New York State Seal
STATE OF NEW YORK
INSURANCE DEPARTMENT
ONE COMMERCE PLAZA
ALBANY, NEW YORK 12257

David A. Paterson
Governor

Eric R. Dinallo
Superintendent

OGC Op. No. 08-05-07

The Office of General Counsel issued the following opinion on May 16, 2008, representing the position of the New York State Insurance Department.

RE: Insurer designating a contractor to repair, rebuild or replace

Question Presented:

May a property/casualty insurer designate any contractor to rebuild an insured property that has been partially destroyed by fire, if, pursuant to the policy, the insurer has an option to repair, rebuild or replace the property with other property of like kind and quality?

Conclusion:

Nothing in the New York Insurance Law prohibits a property/casualty insurer from designating the contractor of its choosing to repair or rebuild an insured property that has been partially destroyed by fire, pursuant to an insurance policy vesting the insurer with an option to repair, rebuild or replace the property with other property of like kind and quality.

Facts:

The inquirer represents an authorized foreign property/casualty insurer that issues commercial lines insurance policies, which provide that the insurer has an option to repair, rebuild or replace insured property with other property of like kind and quality in the event of covered loss or damage to such property. The insurer asks whether it may lawfully designate the construction company that would perform the repair, rebuilding or replacing rather than allow the insured to select the contractor.

Analysis:

N.Y. Ins. Law § 3404 (McKinney 2007), which sets out the “standard fire insurance policy of the state of New York,” is germane to the inquirer’s question. Insurance Law § 3404(b)(1) specifies that no policy or contract of fire insurance shall be made, issued, or delivered on any property in this state unless "it shall conform as to all provisions, stipulations, agreements and conditions” with the form specifically set forth elsewhere in that statute.
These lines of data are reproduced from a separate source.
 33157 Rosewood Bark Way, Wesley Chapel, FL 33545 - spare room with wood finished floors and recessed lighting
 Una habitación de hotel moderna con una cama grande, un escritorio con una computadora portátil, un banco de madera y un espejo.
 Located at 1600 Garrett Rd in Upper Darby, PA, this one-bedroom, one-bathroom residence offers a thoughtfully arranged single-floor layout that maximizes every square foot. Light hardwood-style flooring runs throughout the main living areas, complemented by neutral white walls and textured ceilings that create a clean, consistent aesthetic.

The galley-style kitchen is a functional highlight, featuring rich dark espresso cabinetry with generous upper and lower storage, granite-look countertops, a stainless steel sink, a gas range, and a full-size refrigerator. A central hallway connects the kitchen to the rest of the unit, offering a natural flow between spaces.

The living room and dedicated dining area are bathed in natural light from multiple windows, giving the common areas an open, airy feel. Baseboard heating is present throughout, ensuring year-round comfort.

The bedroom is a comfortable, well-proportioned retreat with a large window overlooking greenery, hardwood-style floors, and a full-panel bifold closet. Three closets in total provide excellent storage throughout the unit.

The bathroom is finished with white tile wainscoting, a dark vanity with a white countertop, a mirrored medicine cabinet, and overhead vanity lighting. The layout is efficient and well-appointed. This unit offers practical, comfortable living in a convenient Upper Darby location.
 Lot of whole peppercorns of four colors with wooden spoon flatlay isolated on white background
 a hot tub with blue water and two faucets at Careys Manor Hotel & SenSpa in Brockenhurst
However, an insurer may use a different policy form that, inter alia, contains terms and conditions no less favorable to the insured than those specified in the standard fire insurance policy. See Ins. Law § 3404(b)(1) and (f).
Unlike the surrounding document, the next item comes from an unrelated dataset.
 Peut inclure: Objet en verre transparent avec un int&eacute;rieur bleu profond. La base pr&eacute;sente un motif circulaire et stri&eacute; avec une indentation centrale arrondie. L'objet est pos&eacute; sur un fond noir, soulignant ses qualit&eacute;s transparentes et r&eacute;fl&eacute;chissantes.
An insurer that pays a claim under a fire insurance policy may not require the insured to select a particular contractor. See Opinion of General Counsel No. 06-07-04 (July 10, 2006). However, as an alternative to paying a claim under the standard fire insurance policy, the insurer may, pursuant to the policy, elect to “repair, rebuild or replace the property destroyed or damaged with other of like kind and quality within a reasonable time” by giving proper notice of its intention to do so. See Insurance Law § 3404(e) (policy lines 144-7). Nothing in the Insurance Law prohibits an insurer having made such an election from employing the contractor of its choosing to undertake the repair, rebuilding, or replacement.
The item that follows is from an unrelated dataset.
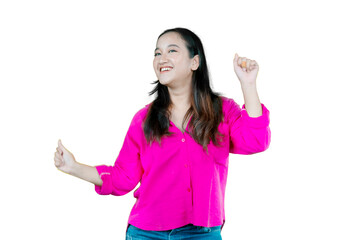 Obraz na płótnie Canvas Cheerful asian girl with loose dark hair having fun and posing on white background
Nevertheless, the insurer must use due care in selecting an appropriate, qualified contractor, and should guarantee the contractor’s work.1 An insurer that deviates from these expectations, as a general business practice, could be found by the Superintendent to have engaged in unfair claims practices within the meaning of Insurance Law § 2601.

Moreover, by electing to repair, rebuild or replace the property rather than paying the claim, a court could determine that an insurer has entered into a building contract with the insured, separate and in place of the insurance policy. See, e.g., Morell v. The Irving Fire Ins. Co., 33 N.Y. 429, 437 (1865); Eisenberg v. Motors Ins. Corp., 62 Misc. 2d 1 (Sup. Ct. N.Y. Co. 1970) (insurer that elected to repair an automobile created a new contract that could not be discharged until the insurer had fully performed the repair and returned the vehicle). In that circumstance, an insurer that fails to deliver property of like kind and quality may be liable for damages for breach of contract, irrespective of the limits of the policy. See Morell, 33 N.Y. at 437. And, the insurer could be liable for negligence of the contractor employed by the insurer. See, e.g., Kleeman v. Rheingold, 81 N.Y.2d 270, 274 (1993) (noting that party may be found negligent in selecting, instructing or supervising the contractor).

Finally, the insurer’s contractor may not act as an independent adjuster without a license. See Insurance Law § 2102. An independent adjuster is defined in Insurance Law § 2101(g)(1) as:

[A]ny person, firm, association or corporation who, or which, for money, commission or any other thing of value, acts in this state on behalf of an insurer in the work of investigating and adjusting claims arising under insurance contracts issued by such insurer and who performs such duties required by such insurer as are incidental to such claims and also includes any person who for compensation or anything of value investigates and adjusts claims on behalf of any independent adjuster . . . .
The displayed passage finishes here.